Miles de trabajadores por cuenta propia descubren que, cuando enferman, la factura no se detiene, siguen pagando la cuota mientras sus ingresos caen en picado. Estas son las cifras reales que abona la Seguridad Social durante una baja y el dinero que, en la práctica, pierde un autónomo cada mes.

Los autónomos han sido, lo son y todo parece indicar que seguirán siendo el eslabón más débil de la economía española. ¿Qué pasa cuando un autónomo enferma y no puede trabajar? ¿Deja de pagar la cuota? ¿Cobra lo suficiente para mantener su negocio a flote?

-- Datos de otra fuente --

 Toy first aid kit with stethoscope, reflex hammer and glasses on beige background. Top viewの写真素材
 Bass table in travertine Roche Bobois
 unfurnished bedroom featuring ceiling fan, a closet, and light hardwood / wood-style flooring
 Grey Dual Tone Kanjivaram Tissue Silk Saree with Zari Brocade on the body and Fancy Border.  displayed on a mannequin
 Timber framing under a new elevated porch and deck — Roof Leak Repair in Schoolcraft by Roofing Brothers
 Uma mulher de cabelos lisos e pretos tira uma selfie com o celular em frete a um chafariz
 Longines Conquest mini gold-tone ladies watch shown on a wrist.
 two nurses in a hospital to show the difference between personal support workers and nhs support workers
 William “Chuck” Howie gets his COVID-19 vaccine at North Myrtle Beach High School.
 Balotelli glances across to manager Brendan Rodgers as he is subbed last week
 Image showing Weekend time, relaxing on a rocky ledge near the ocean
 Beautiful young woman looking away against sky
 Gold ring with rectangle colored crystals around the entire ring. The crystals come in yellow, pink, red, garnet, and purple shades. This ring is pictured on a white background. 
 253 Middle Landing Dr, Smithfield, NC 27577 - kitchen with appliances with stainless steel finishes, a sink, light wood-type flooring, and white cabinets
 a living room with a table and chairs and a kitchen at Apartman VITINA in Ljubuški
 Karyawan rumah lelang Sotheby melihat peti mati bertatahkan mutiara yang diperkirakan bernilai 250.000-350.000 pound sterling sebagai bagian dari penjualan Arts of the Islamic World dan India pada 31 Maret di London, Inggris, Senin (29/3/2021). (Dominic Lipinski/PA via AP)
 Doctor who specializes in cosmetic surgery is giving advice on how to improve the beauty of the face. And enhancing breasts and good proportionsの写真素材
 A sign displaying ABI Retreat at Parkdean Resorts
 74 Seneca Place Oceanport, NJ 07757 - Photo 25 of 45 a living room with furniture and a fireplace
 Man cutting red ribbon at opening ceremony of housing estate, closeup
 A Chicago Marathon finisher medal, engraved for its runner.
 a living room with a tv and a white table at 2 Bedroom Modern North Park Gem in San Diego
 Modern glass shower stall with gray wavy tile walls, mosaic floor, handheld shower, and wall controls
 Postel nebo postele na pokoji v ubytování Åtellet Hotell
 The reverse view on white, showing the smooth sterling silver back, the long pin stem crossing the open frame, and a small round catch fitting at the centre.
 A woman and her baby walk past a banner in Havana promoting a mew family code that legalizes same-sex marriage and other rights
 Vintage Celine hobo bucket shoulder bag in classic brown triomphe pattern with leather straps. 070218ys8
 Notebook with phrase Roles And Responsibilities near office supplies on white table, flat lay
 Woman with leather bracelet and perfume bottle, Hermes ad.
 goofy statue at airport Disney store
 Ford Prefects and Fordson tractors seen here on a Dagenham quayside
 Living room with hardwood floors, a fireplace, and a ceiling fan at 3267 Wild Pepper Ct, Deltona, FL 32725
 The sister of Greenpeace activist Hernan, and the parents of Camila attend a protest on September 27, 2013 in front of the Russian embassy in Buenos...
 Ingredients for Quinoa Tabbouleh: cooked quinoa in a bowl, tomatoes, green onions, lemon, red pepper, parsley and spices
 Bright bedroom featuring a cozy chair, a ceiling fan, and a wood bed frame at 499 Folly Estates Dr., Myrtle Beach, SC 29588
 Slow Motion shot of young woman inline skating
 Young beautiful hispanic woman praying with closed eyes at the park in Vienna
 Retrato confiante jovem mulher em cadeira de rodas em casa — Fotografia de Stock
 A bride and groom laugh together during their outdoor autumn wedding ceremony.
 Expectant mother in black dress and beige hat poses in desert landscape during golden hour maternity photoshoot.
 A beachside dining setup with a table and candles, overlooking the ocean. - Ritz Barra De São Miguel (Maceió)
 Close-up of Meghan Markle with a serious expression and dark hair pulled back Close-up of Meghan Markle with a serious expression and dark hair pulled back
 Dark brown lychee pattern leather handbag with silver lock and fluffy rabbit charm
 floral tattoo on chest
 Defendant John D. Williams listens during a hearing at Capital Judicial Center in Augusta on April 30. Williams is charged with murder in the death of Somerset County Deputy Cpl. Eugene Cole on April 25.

La teoría suena bien, pero cuando uno se pone a hacer números, la realidad es bastante más cruda.

En España hay casi tres millones y medio de trabajadores por cuenta propia dados de alta en el RETA. Todos cotizan cada mes a la Seguridad Social. Pero cuando llega una baja médica, muchos descubren que la protección no es tan sólida como pensaban.

Las quejas se han multiplicado en los últimos meses. Foros profesionales, asociaciones y redes sociales hierven con la misma pregunta: ¿cómo puede ser que estando de baja tengas que seguir pagando la cuota?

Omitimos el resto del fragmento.